Work instruction = The answer is an exact repetition of every entry, with all images left out.

(Saved entries)
----------------
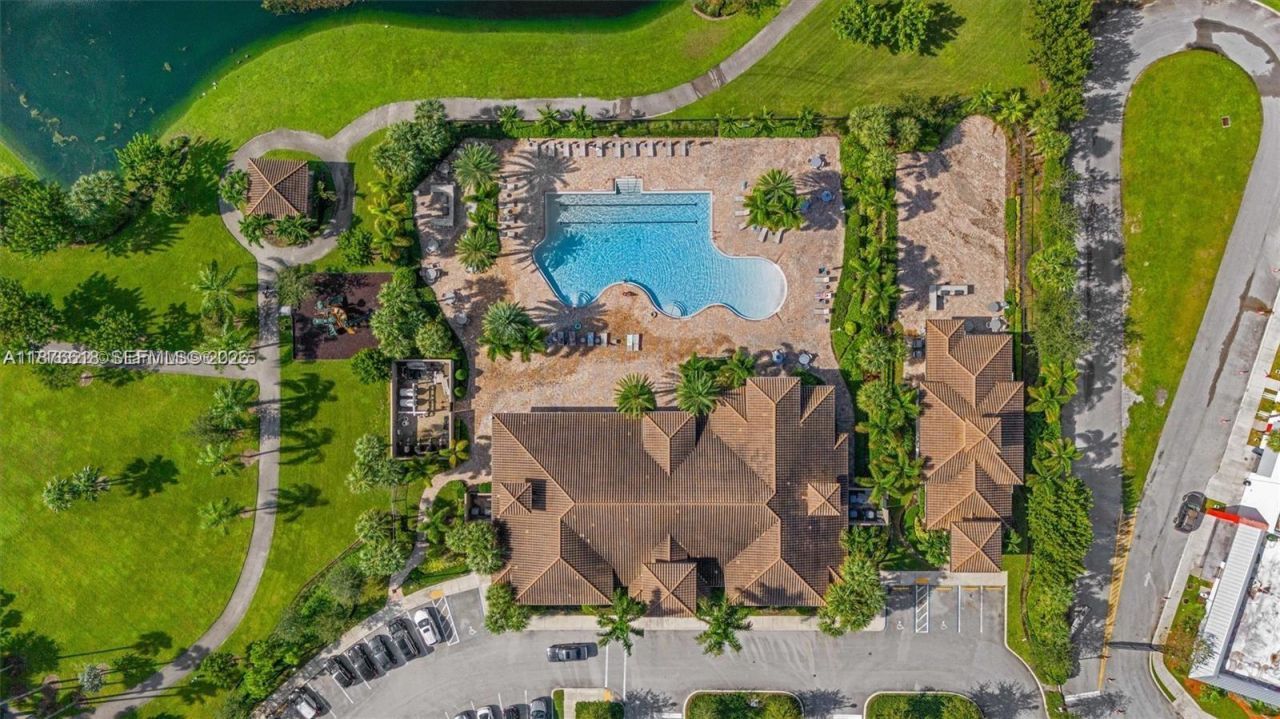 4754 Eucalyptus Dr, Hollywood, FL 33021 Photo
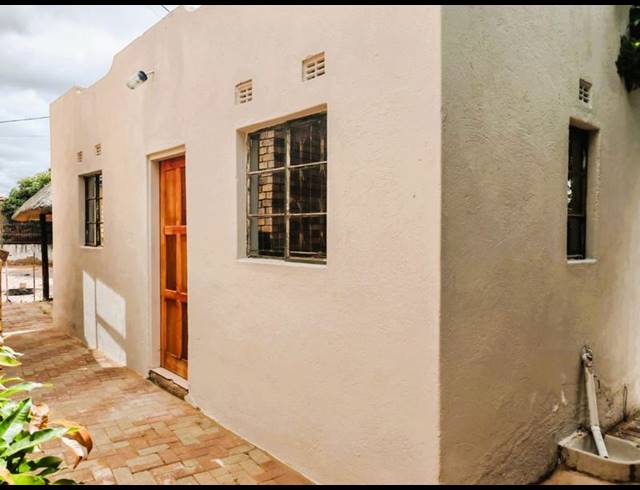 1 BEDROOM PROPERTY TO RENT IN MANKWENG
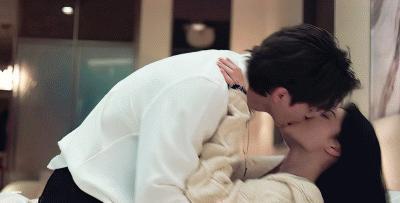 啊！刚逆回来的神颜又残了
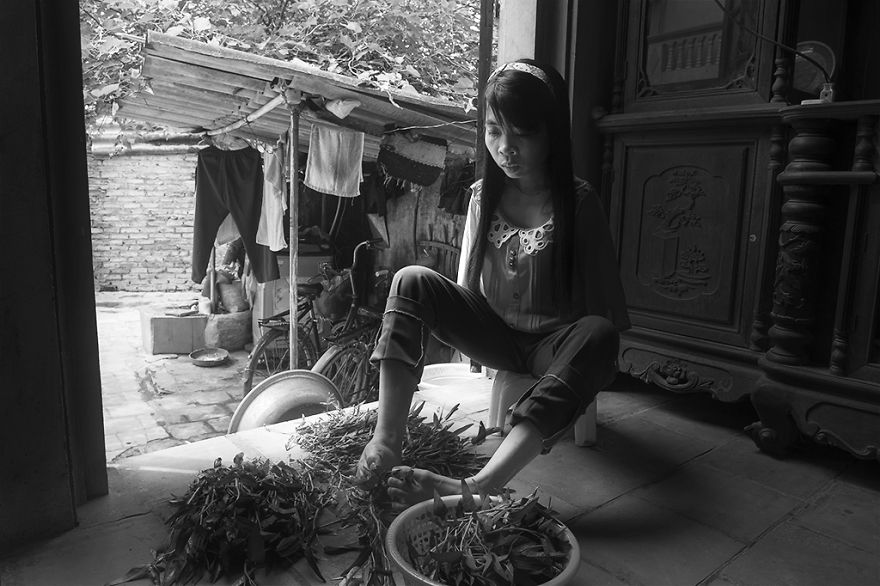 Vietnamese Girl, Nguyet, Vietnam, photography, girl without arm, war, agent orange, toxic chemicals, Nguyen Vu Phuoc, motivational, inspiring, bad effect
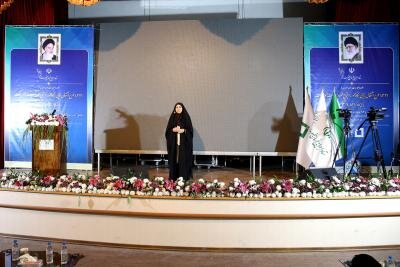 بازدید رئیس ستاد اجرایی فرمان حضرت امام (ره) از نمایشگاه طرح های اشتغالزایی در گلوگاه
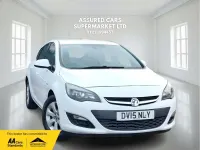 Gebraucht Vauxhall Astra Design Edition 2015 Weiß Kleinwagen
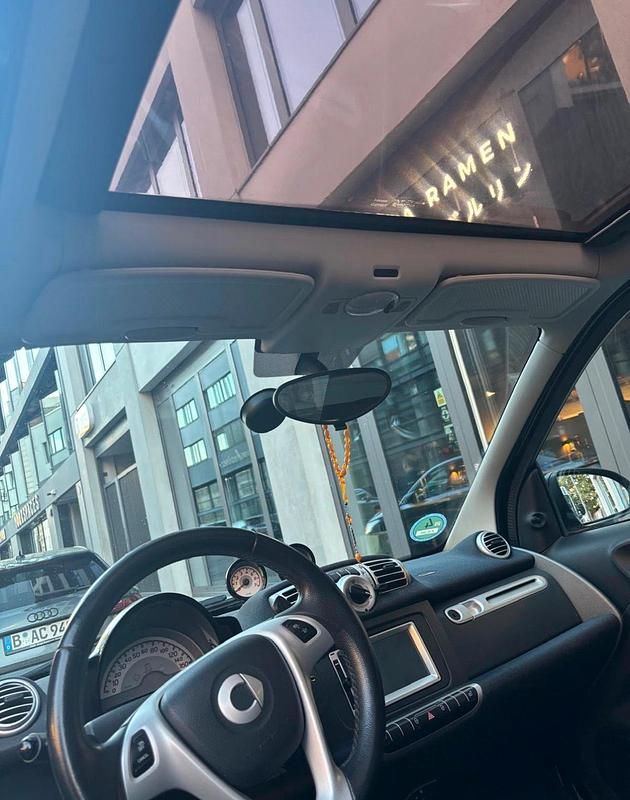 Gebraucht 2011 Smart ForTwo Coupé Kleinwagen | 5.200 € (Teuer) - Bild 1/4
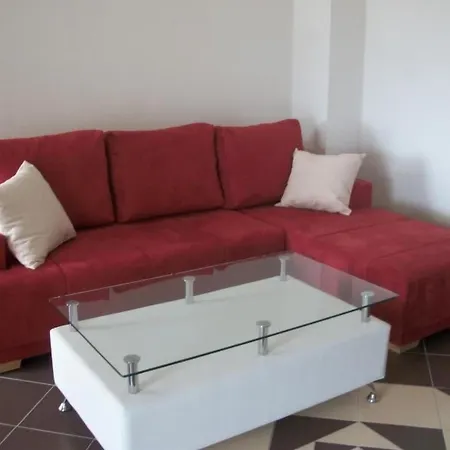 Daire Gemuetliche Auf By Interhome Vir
----------------
Answer area =
 4754 Eucalyptus Dr, Hollywood, FL 33021 Photo
 1 BEDROOM PROPERTY TO RENT IN MANKWENG
 啊！刚逆回来的神颜又残了
 Vietnamese Girl, Nguyet, Vietnam, photography, girl without arm, war, agent orange, toxic chemicals, Nguyen Vu Phuoc, motivational, inspiring, bad effect
 بازدید رئیس ستاد اجرایی فرمان حضرت امام (ره) از نمایشگاه طرح های اشتغالزایی در گلوگاه
 Gebraucht Vauxhall Astra Design Edition 2015 Weiß Kleinwagen
 Gebraucht 2011 Smart ForTwo Coupé Kleinwagen | 5.200 € (Teuer) - Bild 1/4
 Daire Gemuetliche Auf By Interhome Vir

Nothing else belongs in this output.